* _DIRECTIONS FOR THIS TASK_
Working from the entries below, give again each line from the first through the one containing "iPhone в тёмной", exactly and with nothing else.

[Short text fragments from websites]

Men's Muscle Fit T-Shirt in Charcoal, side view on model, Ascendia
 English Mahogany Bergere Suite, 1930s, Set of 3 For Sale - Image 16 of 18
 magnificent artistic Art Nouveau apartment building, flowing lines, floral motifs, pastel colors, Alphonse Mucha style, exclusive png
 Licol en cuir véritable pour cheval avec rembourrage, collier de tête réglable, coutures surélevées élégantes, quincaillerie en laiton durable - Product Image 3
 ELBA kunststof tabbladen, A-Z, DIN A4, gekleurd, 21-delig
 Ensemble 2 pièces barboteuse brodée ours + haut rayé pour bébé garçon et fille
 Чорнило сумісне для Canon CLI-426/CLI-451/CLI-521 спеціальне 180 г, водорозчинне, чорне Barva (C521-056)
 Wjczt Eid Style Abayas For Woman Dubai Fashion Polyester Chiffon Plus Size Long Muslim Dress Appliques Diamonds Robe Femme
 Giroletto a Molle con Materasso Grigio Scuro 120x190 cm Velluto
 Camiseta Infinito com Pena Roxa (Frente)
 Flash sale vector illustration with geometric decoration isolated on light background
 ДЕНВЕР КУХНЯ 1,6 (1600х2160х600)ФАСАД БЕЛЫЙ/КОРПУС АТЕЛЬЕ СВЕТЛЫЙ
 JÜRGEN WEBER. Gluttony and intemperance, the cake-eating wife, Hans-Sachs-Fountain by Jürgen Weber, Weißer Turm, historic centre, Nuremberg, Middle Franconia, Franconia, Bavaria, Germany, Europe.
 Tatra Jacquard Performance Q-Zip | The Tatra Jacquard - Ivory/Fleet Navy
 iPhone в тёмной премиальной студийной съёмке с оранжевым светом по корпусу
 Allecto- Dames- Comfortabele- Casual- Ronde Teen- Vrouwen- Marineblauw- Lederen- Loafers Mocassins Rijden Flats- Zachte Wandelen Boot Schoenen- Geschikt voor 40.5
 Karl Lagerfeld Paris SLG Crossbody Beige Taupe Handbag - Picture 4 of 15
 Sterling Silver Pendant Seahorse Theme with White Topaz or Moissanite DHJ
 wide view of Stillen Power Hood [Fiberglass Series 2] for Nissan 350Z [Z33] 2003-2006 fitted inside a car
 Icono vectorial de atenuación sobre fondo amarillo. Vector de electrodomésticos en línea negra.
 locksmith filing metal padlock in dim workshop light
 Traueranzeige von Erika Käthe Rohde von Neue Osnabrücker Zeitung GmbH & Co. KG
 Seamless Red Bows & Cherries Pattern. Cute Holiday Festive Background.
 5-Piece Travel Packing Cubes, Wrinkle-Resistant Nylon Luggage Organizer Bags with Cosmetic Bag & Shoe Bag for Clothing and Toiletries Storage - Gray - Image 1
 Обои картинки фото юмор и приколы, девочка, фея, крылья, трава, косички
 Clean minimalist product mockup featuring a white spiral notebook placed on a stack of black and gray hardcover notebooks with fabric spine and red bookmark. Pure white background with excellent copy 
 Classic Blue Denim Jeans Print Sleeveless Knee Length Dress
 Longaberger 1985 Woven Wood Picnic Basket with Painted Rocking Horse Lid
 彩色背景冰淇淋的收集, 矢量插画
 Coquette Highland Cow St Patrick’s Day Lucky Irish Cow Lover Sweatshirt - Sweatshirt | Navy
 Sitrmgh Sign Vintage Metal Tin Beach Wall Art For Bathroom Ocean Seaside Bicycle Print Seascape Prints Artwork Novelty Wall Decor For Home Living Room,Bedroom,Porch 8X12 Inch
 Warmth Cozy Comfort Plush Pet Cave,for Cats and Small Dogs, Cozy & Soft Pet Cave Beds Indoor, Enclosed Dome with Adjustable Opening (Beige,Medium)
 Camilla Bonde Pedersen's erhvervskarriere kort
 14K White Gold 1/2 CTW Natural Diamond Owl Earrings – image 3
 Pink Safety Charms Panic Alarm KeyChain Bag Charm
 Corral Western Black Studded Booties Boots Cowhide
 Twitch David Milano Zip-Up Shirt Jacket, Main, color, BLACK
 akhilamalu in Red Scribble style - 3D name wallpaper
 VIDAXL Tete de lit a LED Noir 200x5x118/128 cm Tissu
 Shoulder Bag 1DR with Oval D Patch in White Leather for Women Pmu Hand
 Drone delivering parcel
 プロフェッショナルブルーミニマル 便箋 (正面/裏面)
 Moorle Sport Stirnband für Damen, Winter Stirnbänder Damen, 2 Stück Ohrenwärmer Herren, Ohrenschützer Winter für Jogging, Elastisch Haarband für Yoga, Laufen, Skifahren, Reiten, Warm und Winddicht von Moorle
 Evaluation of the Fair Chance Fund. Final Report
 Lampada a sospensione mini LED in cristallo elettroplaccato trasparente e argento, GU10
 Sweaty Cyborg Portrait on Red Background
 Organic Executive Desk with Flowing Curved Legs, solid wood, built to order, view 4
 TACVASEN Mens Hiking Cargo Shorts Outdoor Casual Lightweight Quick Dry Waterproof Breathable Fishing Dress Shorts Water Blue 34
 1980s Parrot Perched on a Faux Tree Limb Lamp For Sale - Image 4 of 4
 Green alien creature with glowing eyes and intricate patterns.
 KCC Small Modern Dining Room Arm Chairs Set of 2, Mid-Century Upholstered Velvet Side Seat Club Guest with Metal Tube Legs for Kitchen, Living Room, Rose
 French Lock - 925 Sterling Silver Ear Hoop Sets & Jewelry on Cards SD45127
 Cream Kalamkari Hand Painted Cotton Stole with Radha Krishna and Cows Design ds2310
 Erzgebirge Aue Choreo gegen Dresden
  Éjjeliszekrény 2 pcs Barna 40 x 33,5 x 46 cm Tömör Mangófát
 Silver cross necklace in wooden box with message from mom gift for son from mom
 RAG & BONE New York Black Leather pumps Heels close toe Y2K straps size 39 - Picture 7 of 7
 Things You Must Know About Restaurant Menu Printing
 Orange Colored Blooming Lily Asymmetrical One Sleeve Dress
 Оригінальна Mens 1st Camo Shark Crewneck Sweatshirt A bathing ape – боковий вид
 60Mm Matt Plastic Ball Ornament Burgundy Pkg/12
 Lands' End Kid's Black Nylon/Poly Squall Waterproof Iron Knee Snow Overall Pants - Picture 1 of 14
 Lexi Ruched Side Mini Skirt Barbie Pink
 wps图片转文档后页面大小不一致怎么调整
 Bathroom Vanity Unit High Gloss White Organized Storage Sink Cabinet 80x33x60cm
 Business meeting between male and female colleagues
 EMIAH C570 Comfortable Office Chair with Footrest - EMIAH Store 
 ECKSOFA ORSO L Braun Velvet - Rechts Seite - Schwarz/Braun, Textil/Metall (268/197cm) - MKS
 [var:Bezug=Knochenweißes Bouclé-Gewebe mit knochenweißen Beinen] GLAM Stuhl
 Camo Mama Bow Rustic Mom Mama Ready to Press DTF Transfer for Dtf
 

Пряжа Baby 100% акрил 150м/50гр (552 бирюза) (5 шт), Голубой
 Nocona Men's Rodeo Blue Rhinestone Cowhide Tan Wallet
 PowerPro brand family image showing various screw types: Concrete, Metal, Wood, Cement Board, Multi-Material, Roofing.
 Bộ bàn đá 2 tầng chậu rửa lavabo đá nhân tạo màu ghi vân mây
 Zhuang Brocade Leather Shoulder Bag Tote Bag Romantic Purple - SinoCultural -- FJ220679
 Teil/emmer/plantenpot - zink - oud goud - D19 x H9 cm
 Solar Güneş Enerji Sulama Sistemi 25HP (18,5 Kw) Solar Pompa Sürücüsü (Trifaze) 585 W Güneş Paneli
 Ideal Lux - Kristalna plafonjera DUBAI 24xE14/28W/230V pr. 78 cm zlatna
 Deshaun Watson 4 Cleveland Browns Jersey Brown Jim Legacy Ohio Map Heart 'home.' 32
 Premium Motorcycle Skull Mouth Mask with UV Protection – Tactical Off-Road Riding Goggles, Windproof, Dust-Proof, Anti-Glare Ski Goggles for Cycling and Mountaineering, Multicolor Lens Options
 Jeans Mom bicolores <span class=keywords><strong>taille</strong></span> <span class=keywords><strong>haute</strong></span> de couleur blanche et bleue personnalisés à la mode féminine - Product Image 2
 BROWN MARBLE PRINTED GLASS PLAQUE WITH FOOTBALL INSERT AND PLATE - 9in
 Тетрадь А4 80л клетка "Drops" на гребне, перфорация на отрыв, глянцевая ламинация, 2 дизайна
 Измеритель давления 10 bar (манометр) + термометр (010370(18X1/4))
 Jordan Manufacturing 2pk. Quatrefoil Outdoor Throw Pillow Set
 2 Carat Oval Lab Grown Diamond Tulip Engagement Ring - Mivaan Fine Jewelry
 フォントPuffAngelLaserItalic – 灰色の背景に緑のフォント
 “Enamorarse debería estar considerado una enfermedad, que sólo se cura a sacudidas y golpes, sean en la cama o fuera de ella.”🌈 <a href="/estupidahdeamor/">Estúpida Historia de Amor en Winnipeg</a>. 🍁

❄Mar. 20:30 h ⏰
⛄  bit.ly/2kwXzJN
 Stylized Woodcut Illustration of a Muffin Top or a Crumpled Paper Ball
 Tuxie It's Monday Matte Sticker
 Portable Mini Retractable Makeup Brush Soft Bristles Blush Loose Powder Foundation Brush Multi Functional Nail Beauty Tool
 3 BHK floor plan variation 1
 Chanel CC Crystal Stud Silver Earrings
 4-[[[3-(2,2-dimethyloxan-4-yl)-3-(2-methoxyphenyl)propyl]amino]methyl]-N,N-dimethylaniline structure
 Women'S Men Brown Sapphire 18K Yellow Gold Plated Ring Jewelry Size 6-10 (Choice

* _ANSWER BELOW_
Men's Muscle Fit T-Shirt in Charcoal, side view on model, Ascendia
 English Mahogany Bergere Suite, 1930s, Set of 3 For Sale - Image 16 of 18
 magnificent artistic Art Nouveau apartment building, flowing lines, floral motifs, pastel colors, Alphonse Mucha style, exclusive png
 Licol en cuir véritable pour cheval avec rembourrage, collier de tête réglable, coutures surélevées élégantes, quincaillerie en laiton durable - Product Image 3
 ELBA kunststof tabbladen, A-Z, DIN A4, gekleurd, 21-delig
 Ensemble 2 pièces barboteuse brodée ours + haut rayé pour bébé garçon et fille
 Чорнило сумісне для Canon CLI-426/CLI-451/CLI-521 спеціальне 180 г, водорозчинне, чорне Barva (C521-056)
 Wjczt Eid Style Abayas For Woman Dubai Fashion Polyester Chiffon Plus Size Long Muslim Dress Appliques Diamonds Robe Femme
 Giroletto a Molle con Materasso Grigio Scuro 120x190 cm Velluto
 Camiseta Infinito com Pena Roxa (Frente)
 Flash sale vector illustration with geometric decoration isolated on light background
 ДЕНВЕР КУХНЯ 1,6 (1600х2160х600)ФАСАД БЕЛЫЙ/КОРПУС АТЕЛЬЕ СВЕТЛЫЙ
 JÜRGEN WEBER. Gluttony and intemperance, the cake-eating wife, Hans-Sachs-Fountain by Jürgen Weber, Weißer Turm, historic centre, Nuremberg, Middle Franconia, Franconia, Bavaria, Germany, Europe.
 Tatra Jacquard Performance Q-Zip | The Tatra Jacquard - Ivory/Fleet Navy
 iPhone в тёмной премиальной студийной съёмке с оранжевым светом по корпусу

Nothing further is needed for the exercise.